Unease between entrepreneurs and investors is common enough, but lately those tensions have made headlines. Entrepreneurs often like to see themselves as artists and rule-breakers; if they’d wanted to color inside the lines, they’d have chosen a different career path. Investors, on the other hand, like predictability. They prefer to minimize risk by establishing a plan and following it.
These two approaches aren’t mutually exclusive, but reconciling them isn’t easy. Add to this challenge the fact that CEOs typically report to a board, which at many startups are comprised of investors, and you may have a recipe for dysfunction.
We know how ugly this can get firsthand; we’ve both started companies and raised money from investors. We’ve seen plenty of truly bad behavior and endured our share of unhealthy relationships. Sheryl is the former CEO of Clif Bar and now heads up the beverage company Rebbl, which Duane’s investment fund, BIGR, is helping to grow. These are a few of the ways we’ve learned together to build a more trusting and transparent partnership as a startup CEO and an investor.
We Set The Right Tone
When we first met, more than a year and a half ago, we talked about how the typical tension between investors and managers makes no sense–it’s stressful, counterproductive, and spoils a potentially rich collaboration.
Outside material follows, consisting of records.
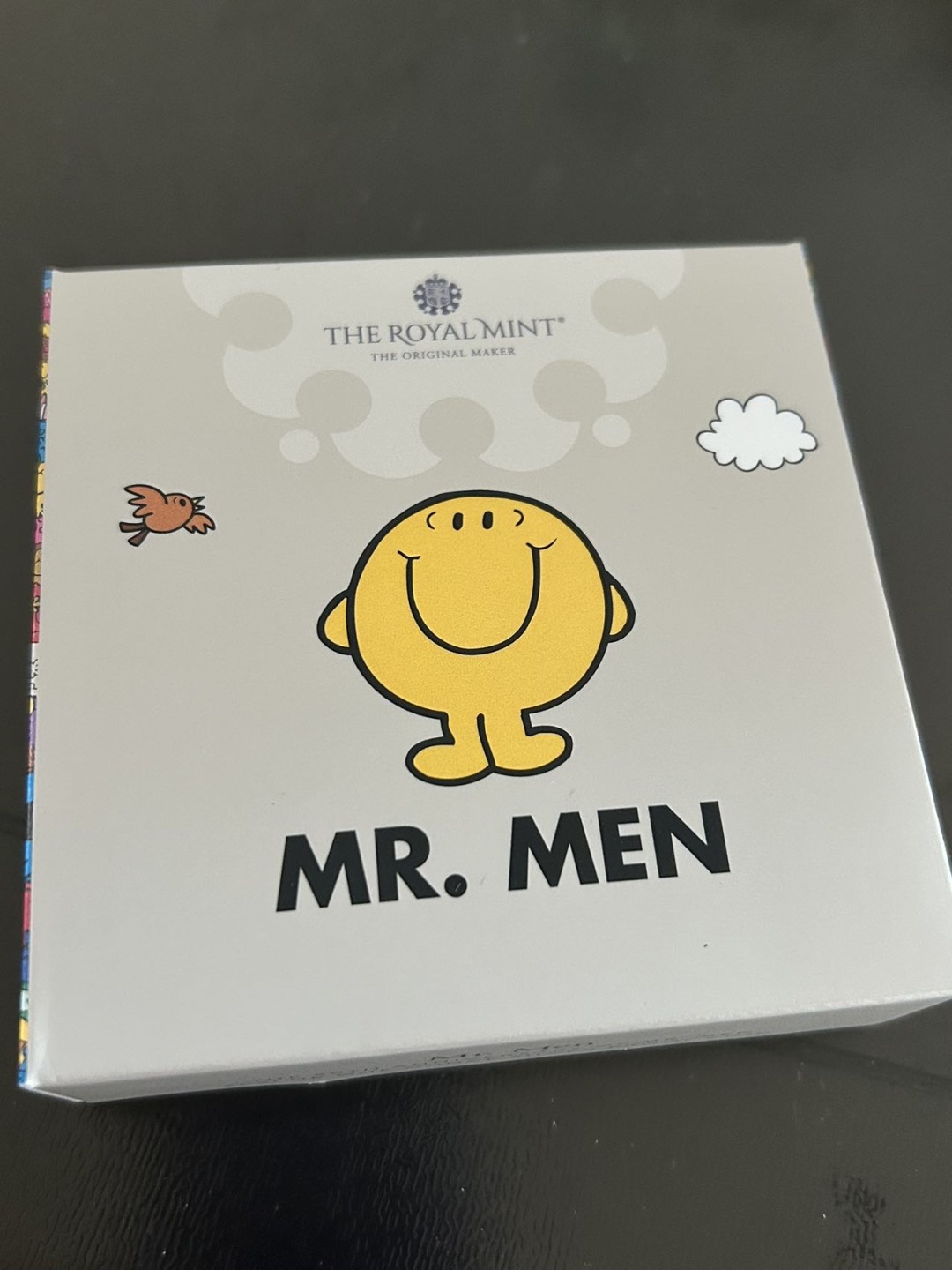 收藏联盟Quantum Auction 第212期拍卖  英国2021年2英镑 NGC PF70UC 满分级别 首发蓝标 Mr.Men Little Miss系列 阳光小姐姐彩色精制银币 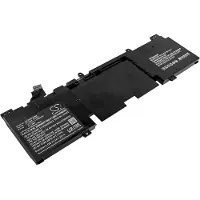 24hShop Akku Kannettava tietokone, Kannettava tietokone DELL Alienware 13 R2 ja muille.
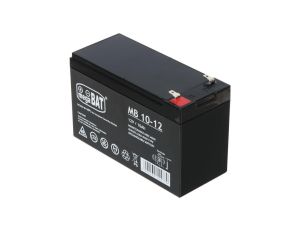 Akumulator VRLA AGM 12V 10Ah (żywotność 3-5lat) MB 10-12 T1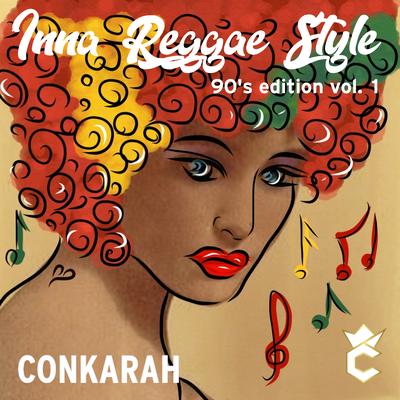 Inna Reggae Style: 90's Edition, Vol. 1 - EP's cover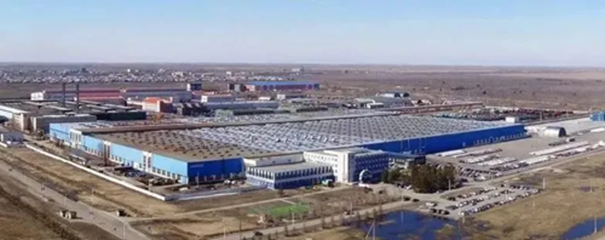 安徽省屬企業(yè)布局中亞，以機(jī)械進(jìn)出口深度融入共建“一帶一路”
So we thought very intentionally about what we could do to avoid it.
To set the right tone, we adopted a few basic habits. First, we decided to express gratitude for relatively mundane acts of consideration. We also committed to asked each other “stupid” questions and to really listen to what we said to one another. Third, we shared stories from our personal lives, including details from our upbringings that led us to think the way we do, rather than just talking business. Each of these little things was a cue that a bigger thing–a different kind of relationship–was in the offing.
Before long, the expressions of gratitude became a little more effusive, the “stupid” questions became admissions of insecurity, and the stories about our personal lives became personal stories from our lives as they’re unfolding around us. Our bond now is based on a richer relationship than that of the typical investor and CEO–it’s more what you might expect between close friends, siblings, or partners. We make understanding the other’s position and feelings a priority, and we fight fairly.
Both of us have been married to our respective spouses for over two decades, and find there are remarkable similarities in what it takes to keep the relationship healthy.
We Commit To Being Vulnerable
The good intention we bring into our relationship looks a lot like vulnerability. Last year I, Sheryl, published a book, Killing It, about my struggles as an entrepreneur–including my personal battle with anorexia. While Duane knew I was writing a book, he didn’t know much else. When I told him about some of its rawer content, I worried he might be concerned whether I could handle my high-pressure job. And more generally, would the revelations in the book hurt Rebbl? But Duane wasn’t concerned. He told me that this vulnerability would create a stronger company, allowing the rest of the team to share their truths, too.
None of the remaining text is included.